My program goes to a my uni results page, finds all the links and saves to a file. Then I read the file and copy only lines which contain required links and save it to another file. Then I parse it again to extract required data
public class net {
public static void main(String[] args) throws Exception {
Document doc = Jsoup.connect("http://jntuconnect.net/results_archive/").get();
Elements links = doc.select("a");
File f1 = new File("flink.txt");
File f2 = new File("rlink.txt");
//write extracted links to f1 file
FileUtils.writeLines(f1, links);
// store each link from f1 file in string list
List<String> linklist = FileUtils.readLines(f1);
// second string list to store only required link elements
List<String> rlinklist = new ArrayList<String>();
// loop which finds required links and stores in rlinklist
for(String elem : linklist){
if(elem.contains("B.Tech") && (elem.contains("R07")||elem.contains("R09"))){
rlinklist.add(elem);
}
}
//store required links in f2 file
FileUtils.writeLines(f2, rlinklist);
// parse links from f2 file
Document rdoc = Jsoup.parse(f2, null);
Elements rlinks = rdoc.select("a");
// for storing hrefs and link text
List<String> rhref = new ArrayList<String>();
List<String> rtext = new ArrayList<String>();
for(Element rlink : rlinks){
rhref.add(rlink.attr("href"));
rtext.add(rlink.text());
}
}// end main
}
I don't want to create files to do this. Is there a better way to get hrefs and link texts of only specific urls without creating files?
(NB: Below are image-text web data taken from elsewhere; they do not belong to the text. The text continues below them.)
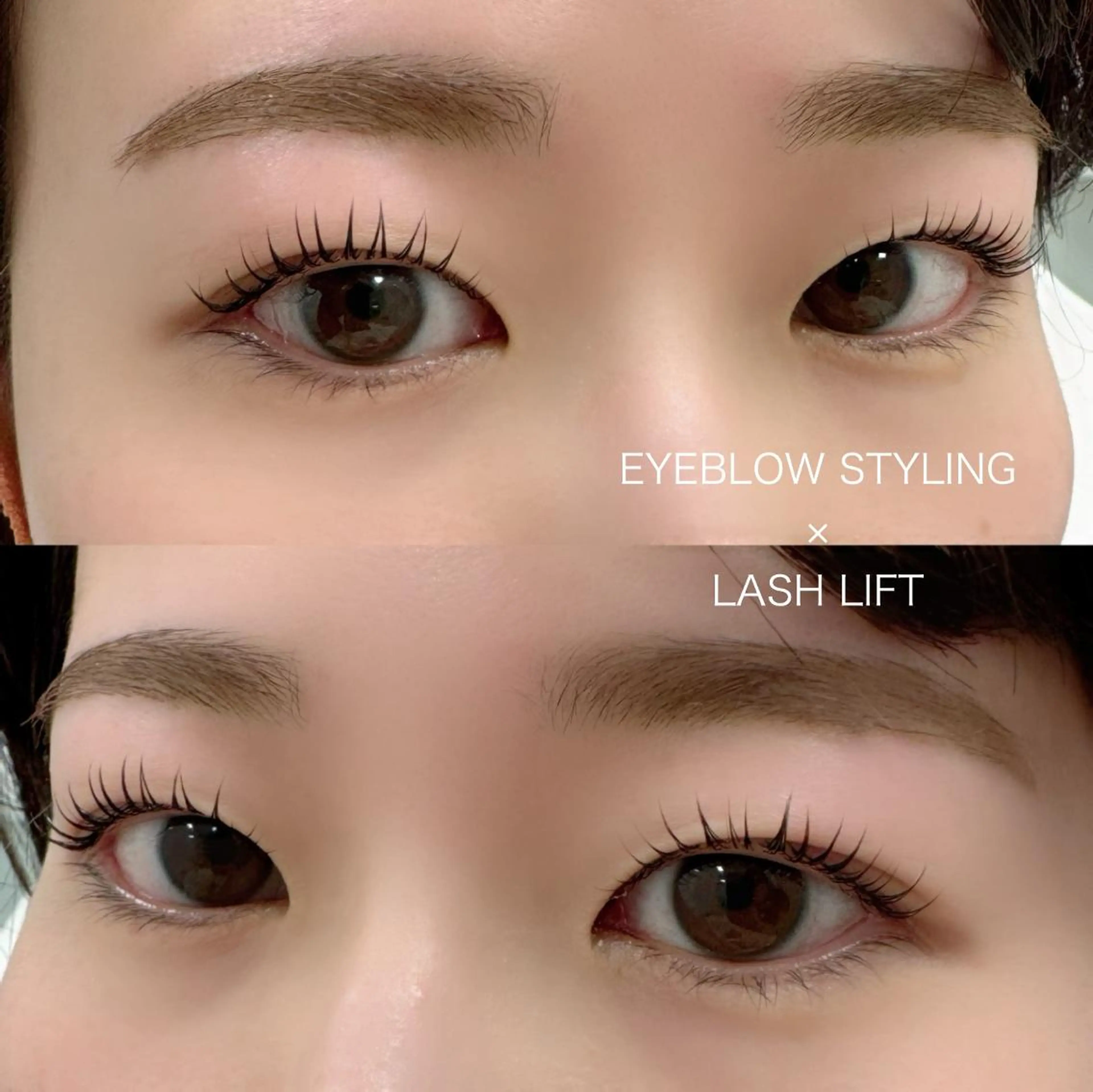 ✨4月限定✨【Set menu】選べるまつ毛パーマ×眉毛Wax(メイク込)の写真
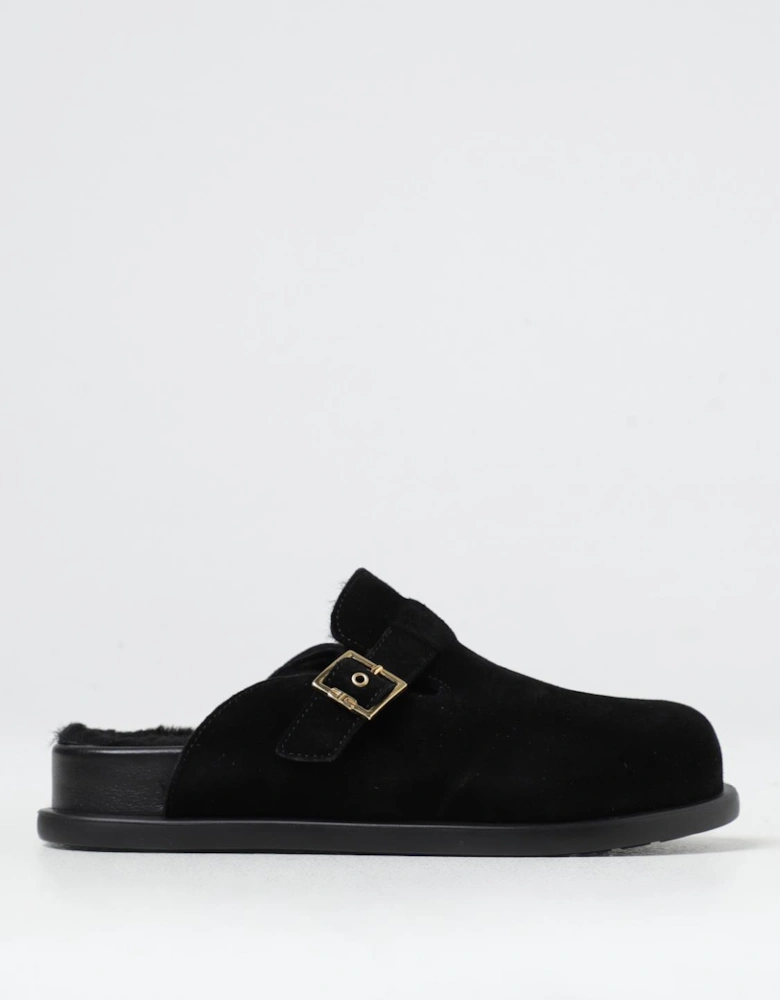 ShearlingLined Suede Clogs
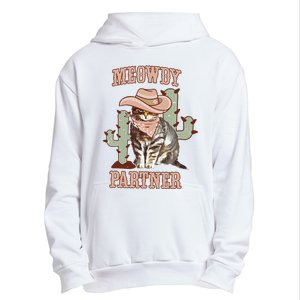 Meowdy Partner Cowboy Cat Western Country Urban Pullover Hoodie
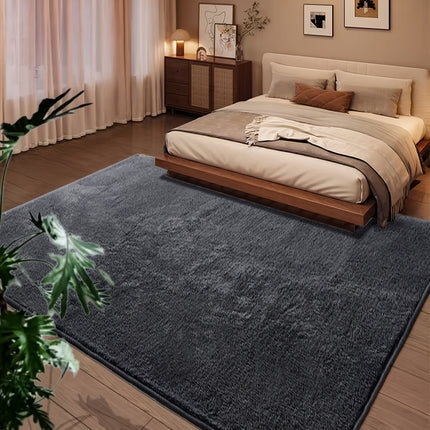 Japanese Style Solid Color Minimalist | Upgraded Ultra-Soft Plush Carpet | Beige, Dark Gray, Light Gray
It uses Apache commons fileutils, jsoup
Here's how you can get rid of the first file write/read:
Elements links = doc.select("a");
List<String> linklist = new ArrayList<String>();
for (Element elt : links) {
linklist.add(elt.toString());
}
The second round trip, if I understand the code, is intended to extract the links that meet a certain test. You can just do that in memory using the same technique.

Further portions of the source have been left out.